Home Is Where You Are (No Matter Where It May Be)
There are some of us who grow up in our local towns and may not even venture out more than 50 miles away to live, work, and even travel beyond what has always been known.
There are some of us who grow up in our local towns and may not even venture out more than 50 miles away to live, work, and even travel beyond what has always been known. There are others who spend their lives in transit for the pleasure of new discoveries or for familial or job obligations. Then again, there are those who could live in a few different locations over the course of their lifetime for whatever reason that has brought them from point A, B, and to C. Whatever our stories are for why we live where we do, how we got there, and what keeps us rooted within one place over another is as unique as we are individuals.
The thing about being home is that it’s not the house, the people who we live with, the walls, the décor, our personal affects, and the accumulation of stuff that gets collected over the years that defines us, but it’s the home that we create inside of ourselves that does. Life has a way of building us up or sometimes tends to knock us down. Our foundations can be shaky and unstable, but with repair, care, and maintenance become stronger than ever. When it’s time for a personal renovation—whether by choice or by circumstance, we continue to evolve. Our exterior may change—our weight, style of dress, age, and hairstyle, but it is the inner “updates” that render us either better or worse than before. That is in fact what we can control and decide how much or how little is going to stay the same and how much will become different.

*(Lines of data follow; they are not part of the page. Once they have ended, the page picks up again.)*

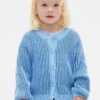 Strickpullover mit Rundhalsausschnitt für Baby & Kleinkind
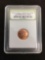 INB Graded 2009-D Lincoln Formative Years 2c Commemorative Issue Brilliant Uncirculated Penny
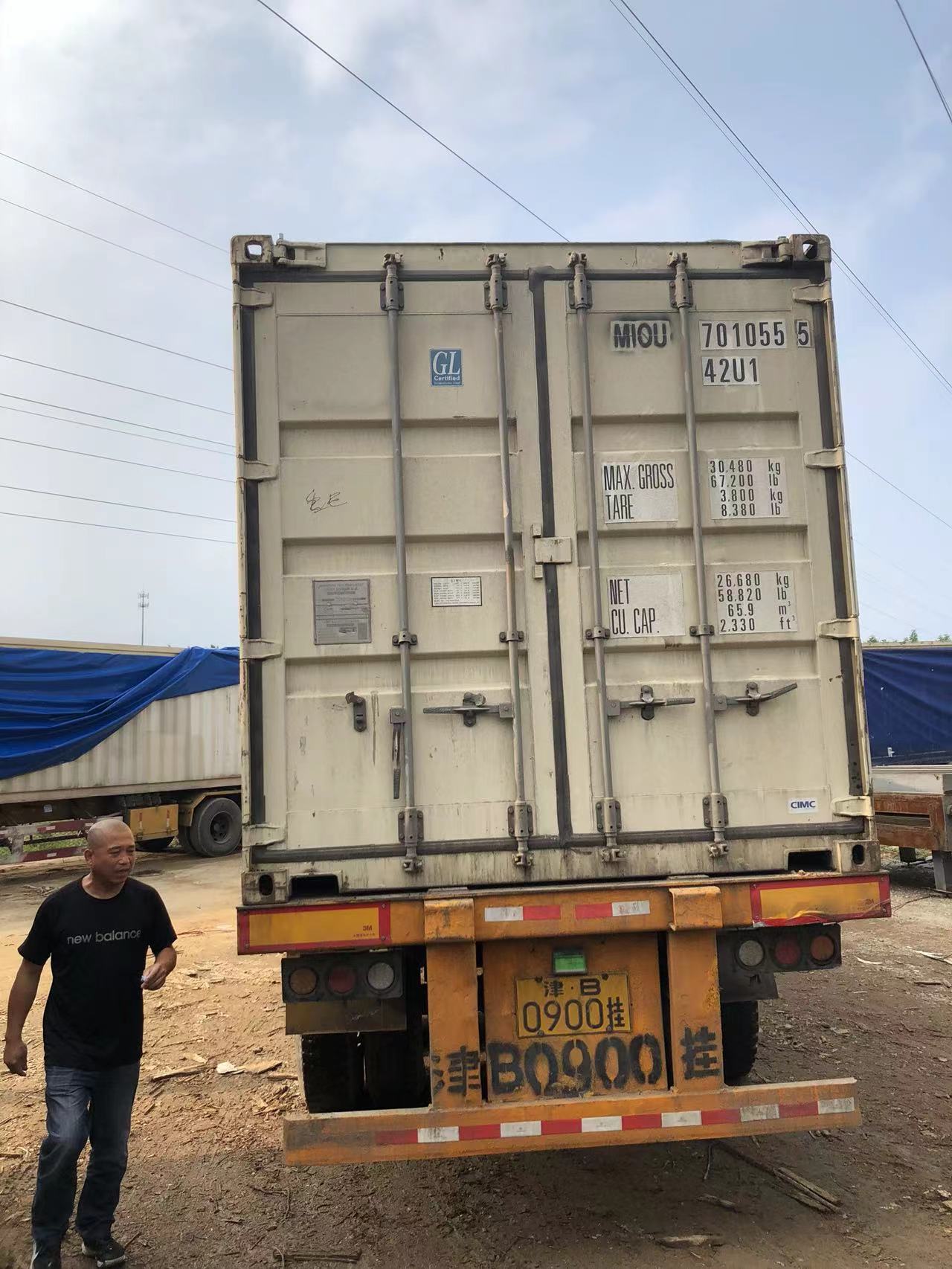 Service case from Tianjin to Jebel ali best freight forwarder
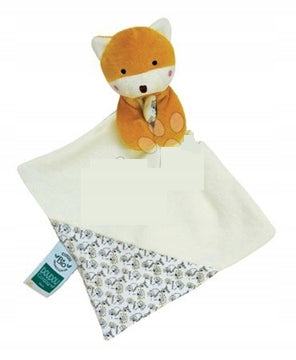 DOUDOU et COMPAGNIE βαμβακερή κουβέρτα παρηγοριάς 16,5 x 16,5 εκ. ΑΛΕΠΟΥ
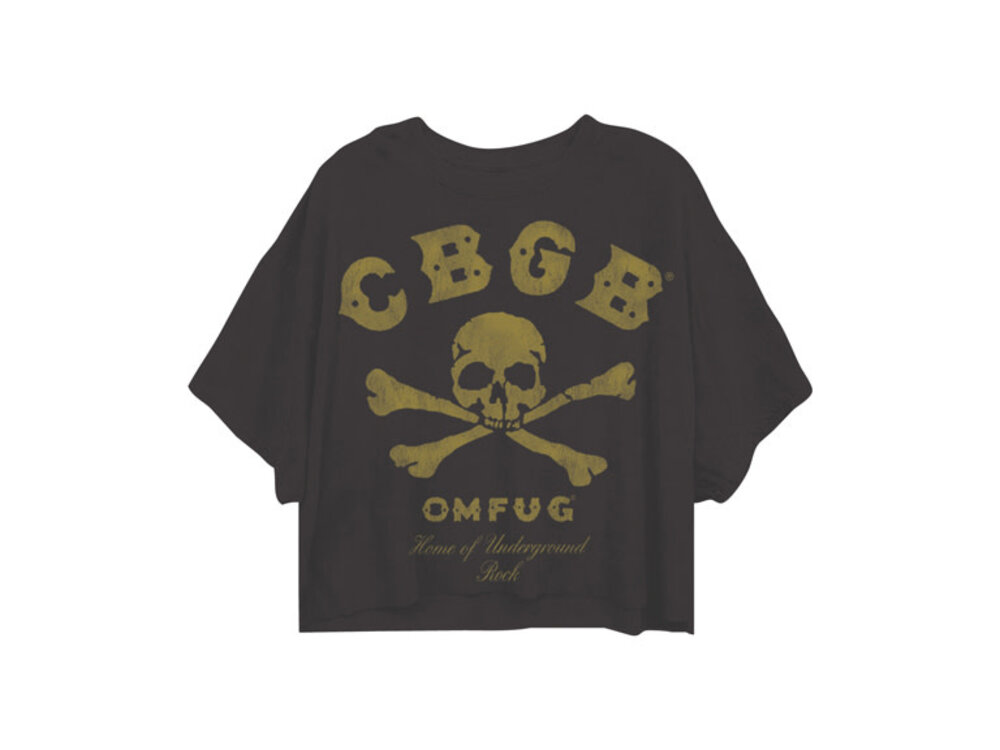 CBGB Oversized Crop-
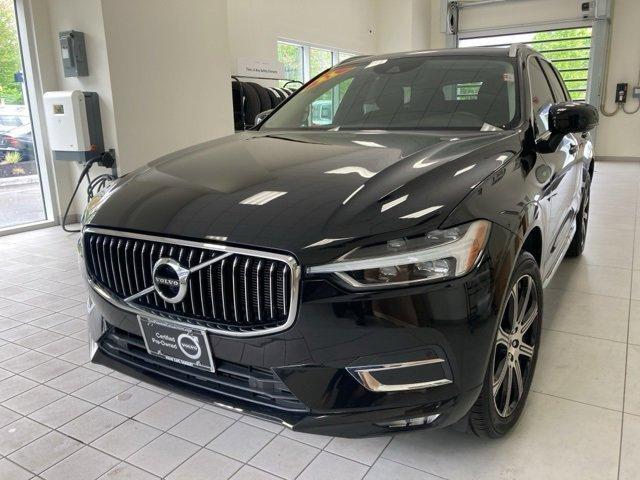 used 2021 Volvo XC60 car, priced at $34,799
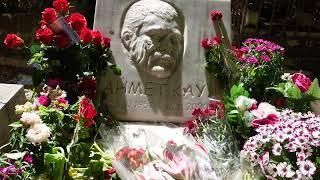 AHMET KAYA´NIN MEZARI PARİS PERE LACHAISE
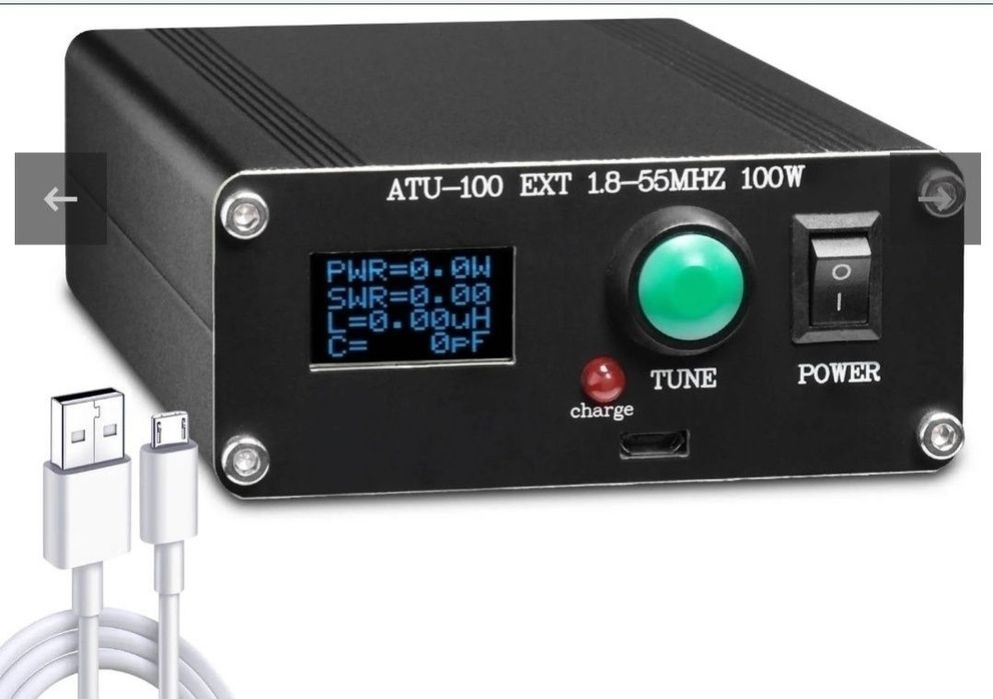 Tuner automat de antenă Radiodvdity ATU-100  1,8–55 MHz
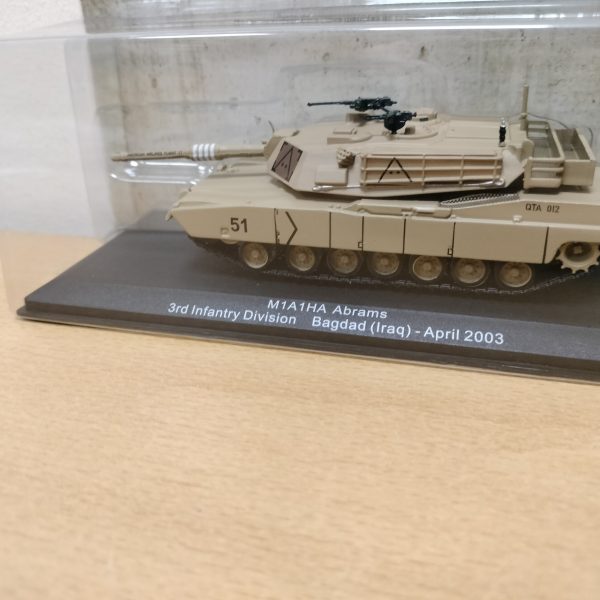 #1. M1A1HA ABRAMS. 3RD INFANTRY DIVISION. 2003. IRAQ. # 1 TANQUES DE COMBATE 1-72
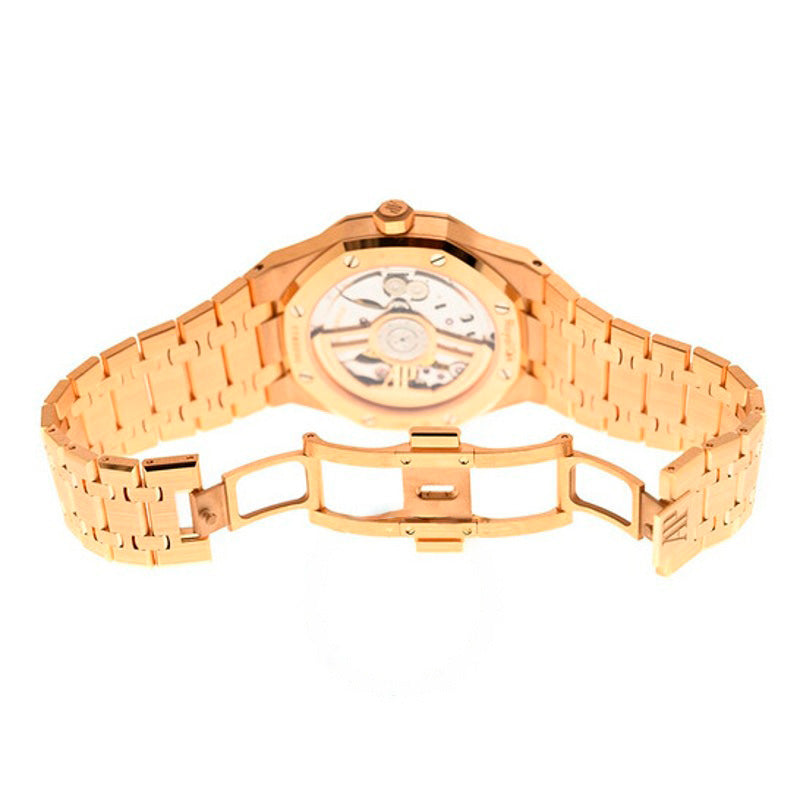 Relógio Royal Oak Automático Mostrador Azul 41 mm - Mercado de Luxo - O Maior E-Commerce de Bens, Produtos e Serviços de Luxo do Brasil.
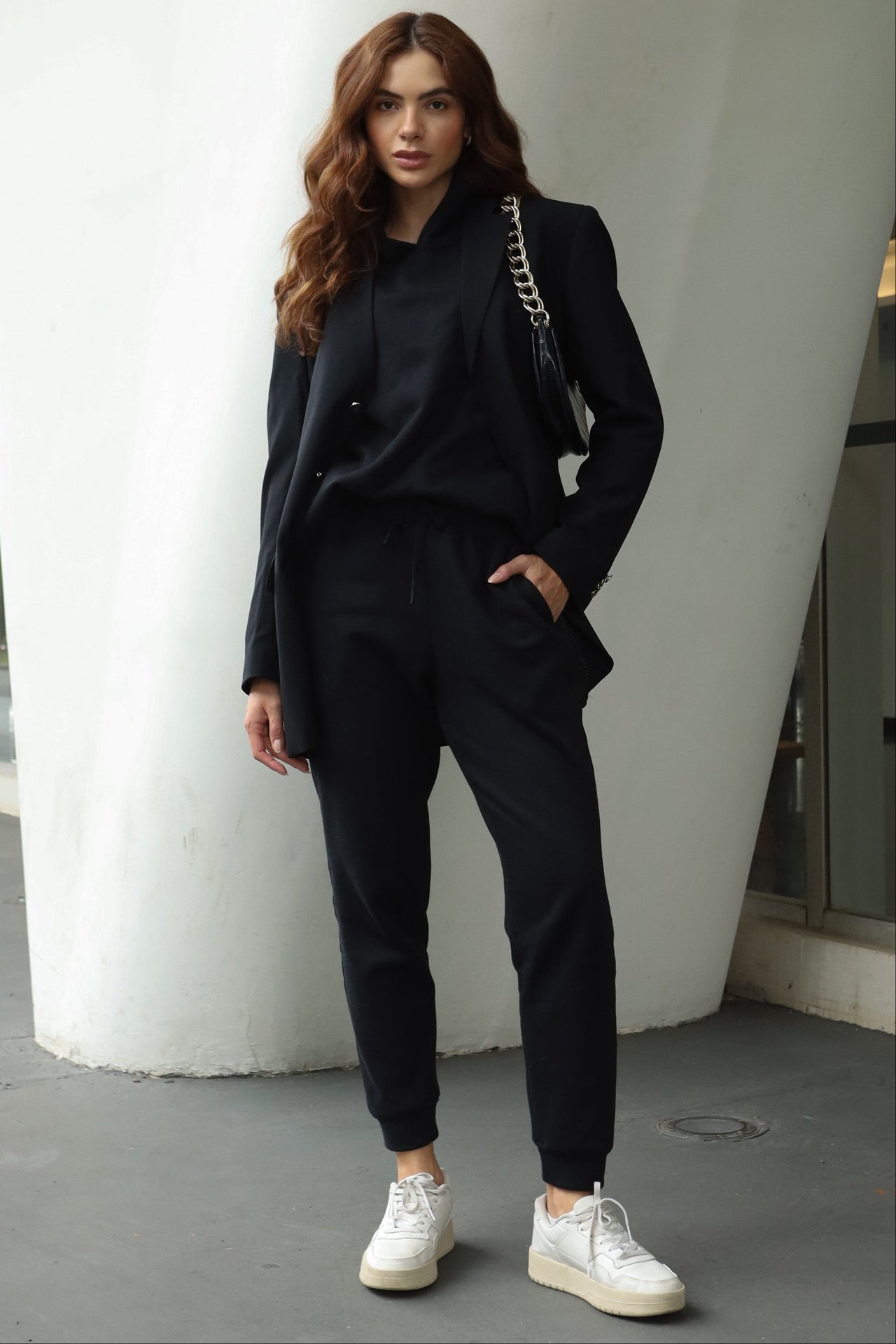 Moletom Jogger Black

It doesn’t matter whether we decide to pick up and go on a whim, make careful plans to organize a move, or find ourselves in a new residence and place with resistance. Whether we are near or far, in a new city, town, or country one thing remains—us. We ourselves are what creates the home and where it exists. It’s our inner worlds—our interior designs, walls, and windows that reveal what it is we want to show to our guests that we allow in and what we decide to preserve for our own personal comfort. When we find ourselves so unbearable that we’re constantly on the go, engaged, connected, plugged-in, buried in work and others, we neglect our home. The wallpaper starts to deteriorate, the garden becomes overgrown, the furniture gets covered in a layer of dust, we may trip over stacks of mail, and get lost in the shuffle of papers that has piled up. Before we know it, we don’t even recognize it and get overwhelmed of how are we going to manage, clean or reorganize and if in fact there is actually the will do so.
But when we are at peace or at least in a better place of acceptance of who we are and what it is we’d like to accomplish in order to continue our personal growth, we are always home. We are present where our feet are and there is a feeling of safety and security within the shelter we provide to ourselves. We appreciate who it is we are and what it is that we’re made of. We can navigate ourselves with ease and actually like finding tranquility within the internal sanctuary that we have created.